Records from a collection
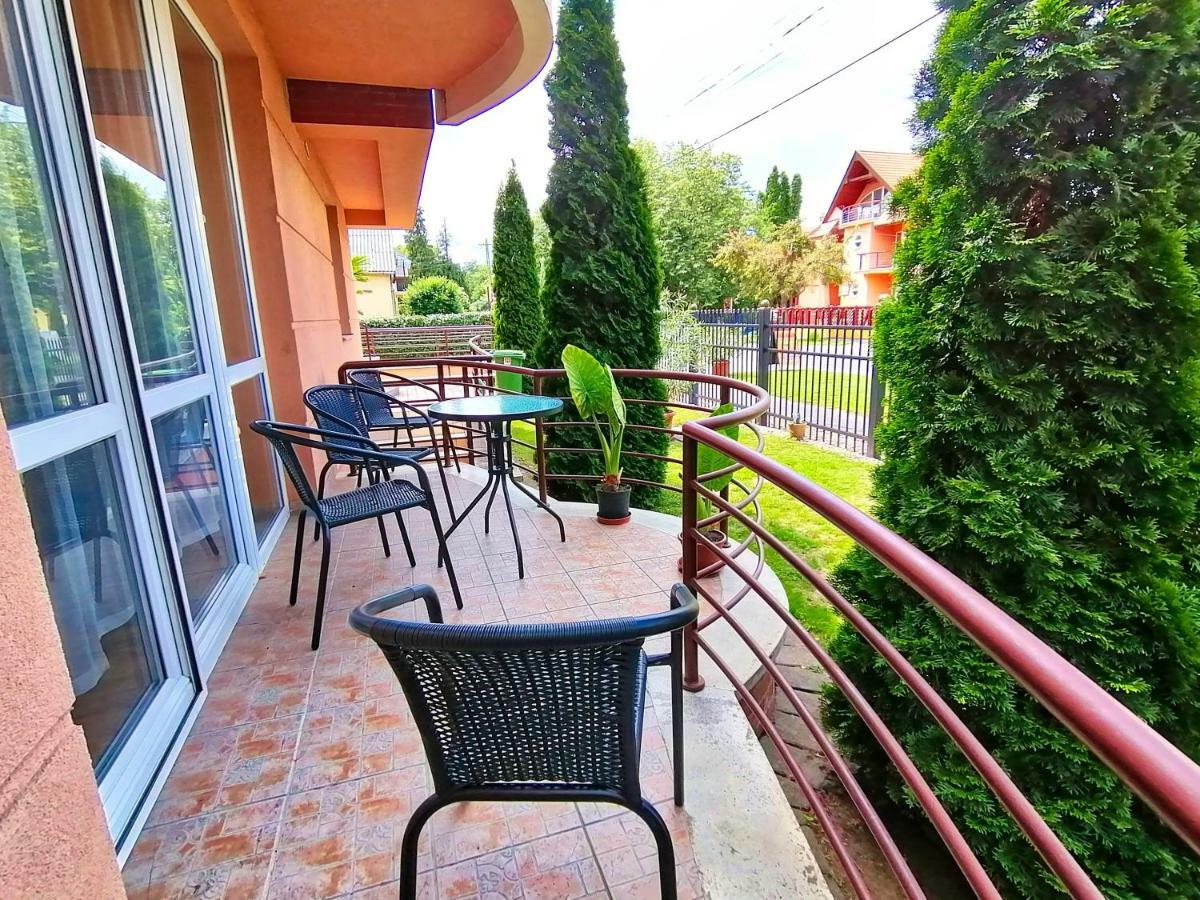 Villa Aida Apartman Hajdúszoboszló Extérieur photo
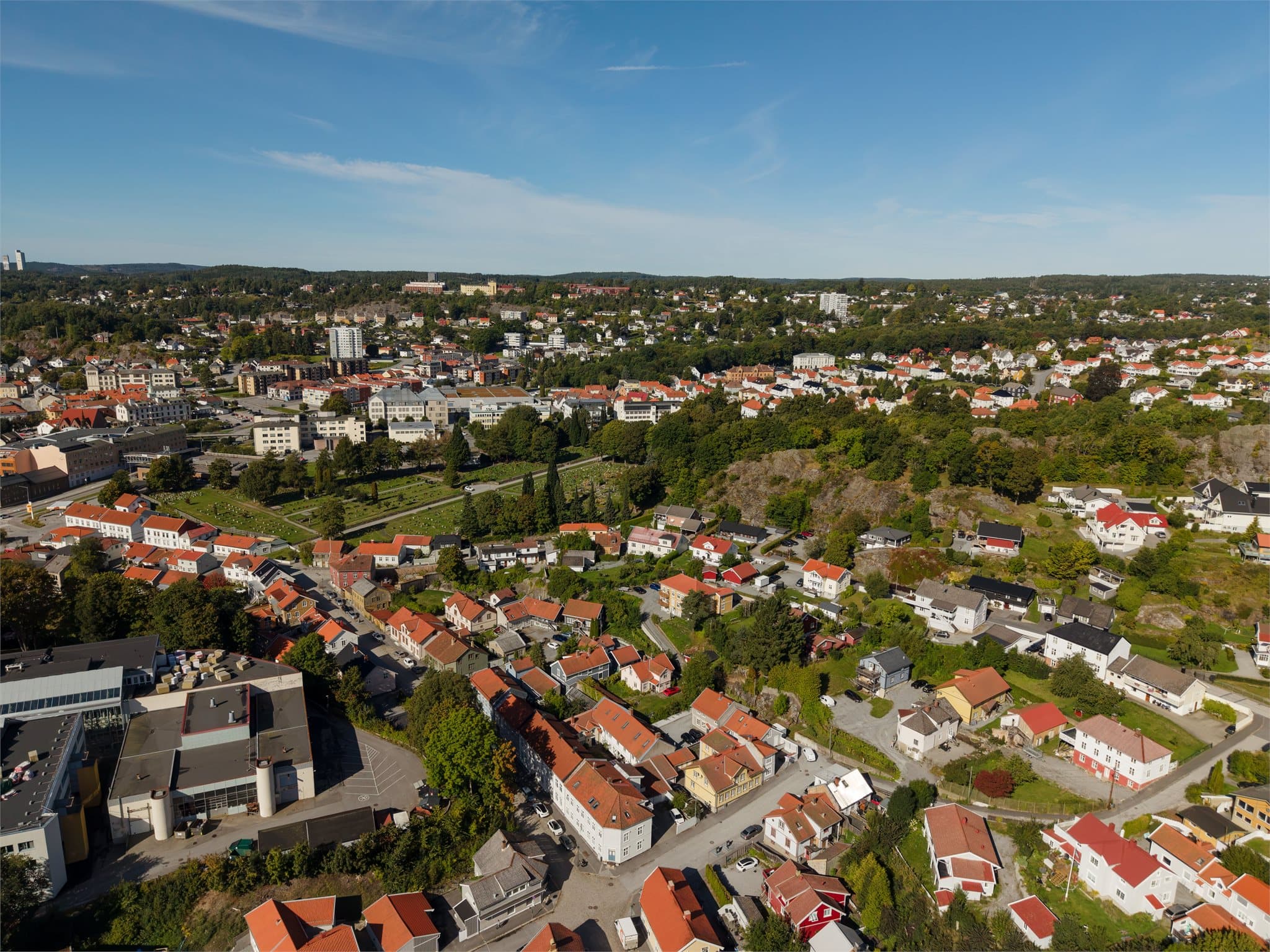 Damhaugen byr på en fin kombinasjon av rolig småbymiljø og sentral nærhet.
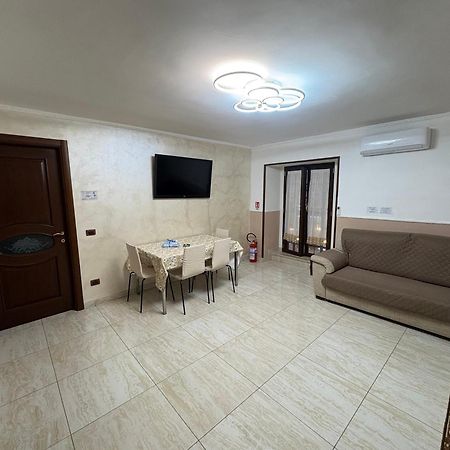 Esposito Holiday Homes Неаполь Экстерьер фото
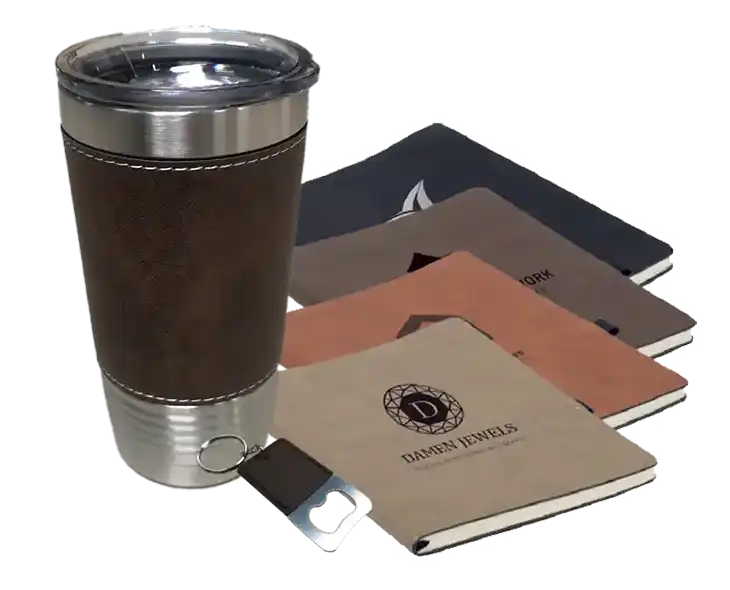 Tasse de voyage en acier inoxydable, carnets gravés et porte-clef, mettant en valeur la polyvalence du marquage laser sur le cuir.
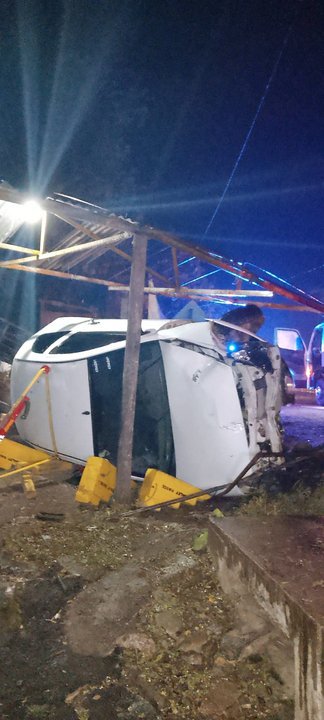 Accidente automovilístico en Bialet Massé, automóvil Ford Ka en patio de vivienda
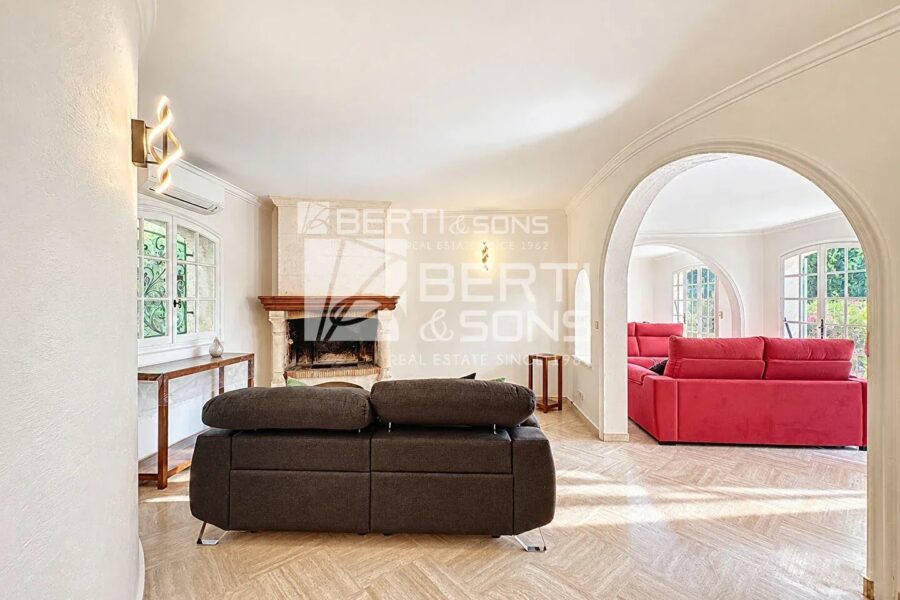Maison à vendre à Mandelieu-la-Napoule — Vue mer — photo 5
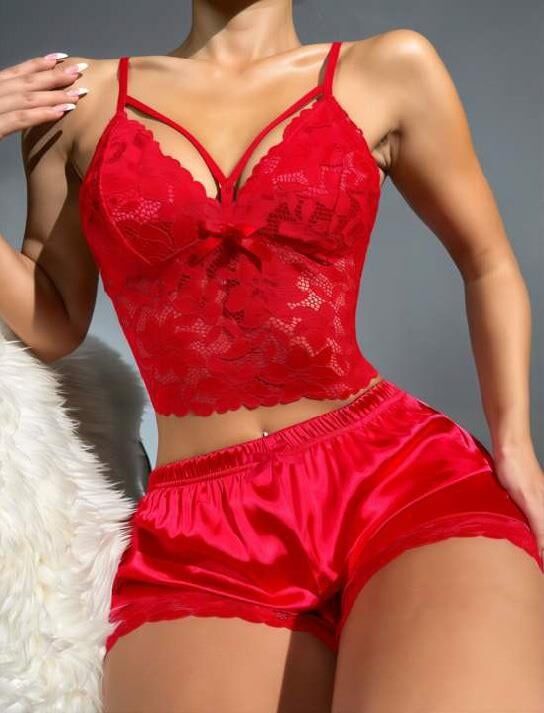 Aria's Closet Kırmızı Dantelli Büstiyer İnce Askılı Saten Şortlu Takım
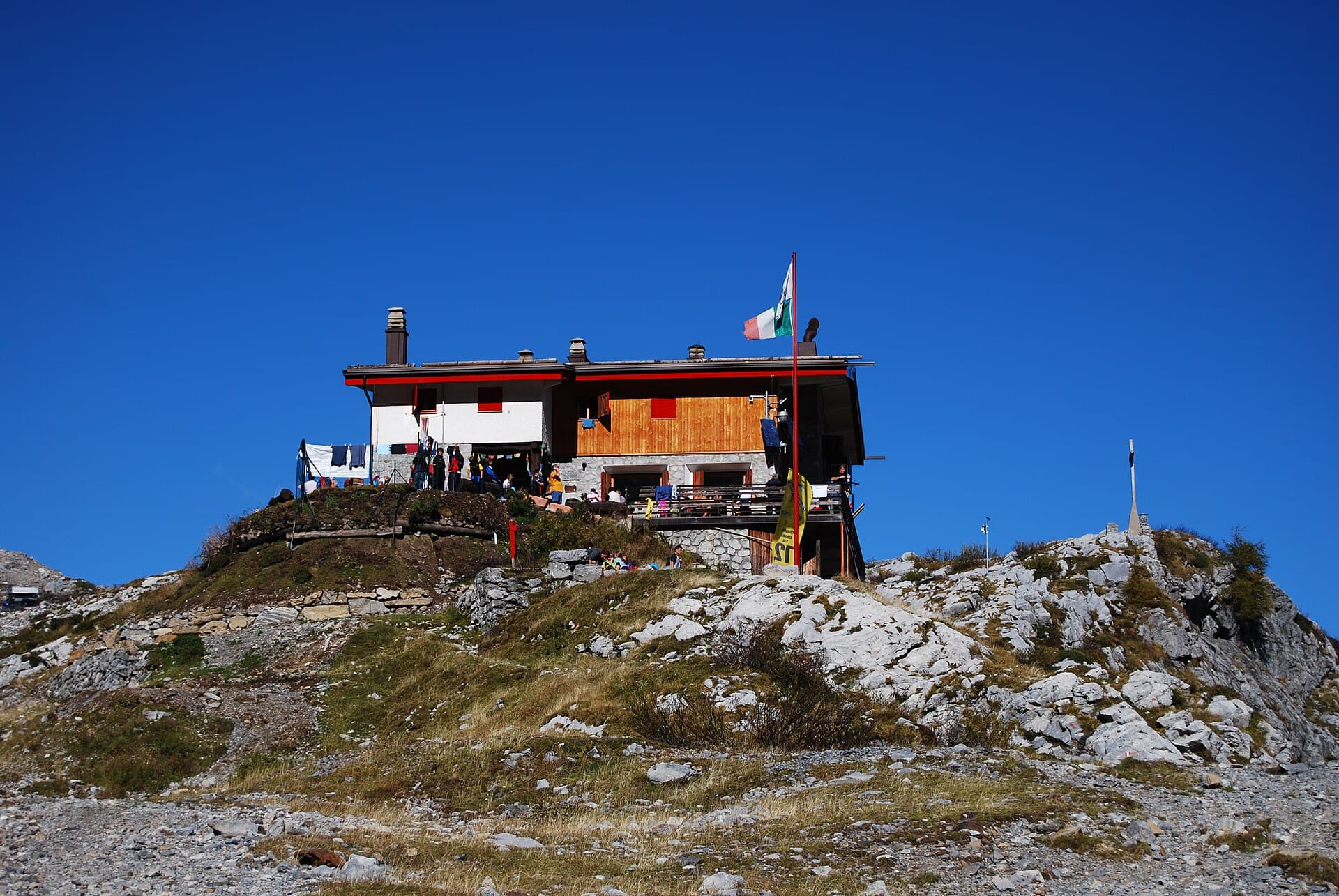 Rifugio Luigi Albani (via Wikimedia Commons, CC BY 3.0)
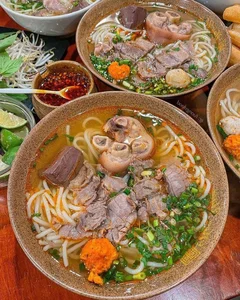 Hue: The City of 8 UNESCO Heritages and the Unique Trang Tien Bridge - image 14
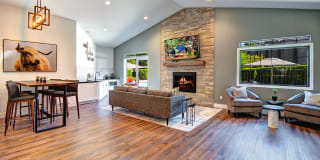 Woodlake Apartments Gallery 40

# What you will do:
Only the pictures are to be omitted; the records above must otherwise be reproduced exactly.

# Your solution:
 Villa Aida Apartman Hajdúszoboszló Extérieur photo
 Damhaugen byr på en fin kombinasjon av rolig småbymiljø og sentral nærhet.
 Esposito Holiday Homes Неаполь Экстерьер фото
 Tasse de voyage en acier inoxydable, carnets gravés et porte-clef, mettant en valeur la polyvalence du marquage laser sur le cuir.
 Accidente automovilístico en Bialet Massé, automóvil Ford Ka en patio de vivienda
Maison à vendre à Mandelieu-la-Napoule — Vue mer — photo 5
 Aria's Closet Kırmızı Dantelli Büstiyer İnce Askılı Saten Şortlu Takım
 Rifugio Luigi Albani (via Wikimedia Commons, CC BY 3.0)
 Hue: The City of 8 UNESCO Heritages and the Unique Trang Tien Bridge - image 14
 Woodlake Apartments Gallery 40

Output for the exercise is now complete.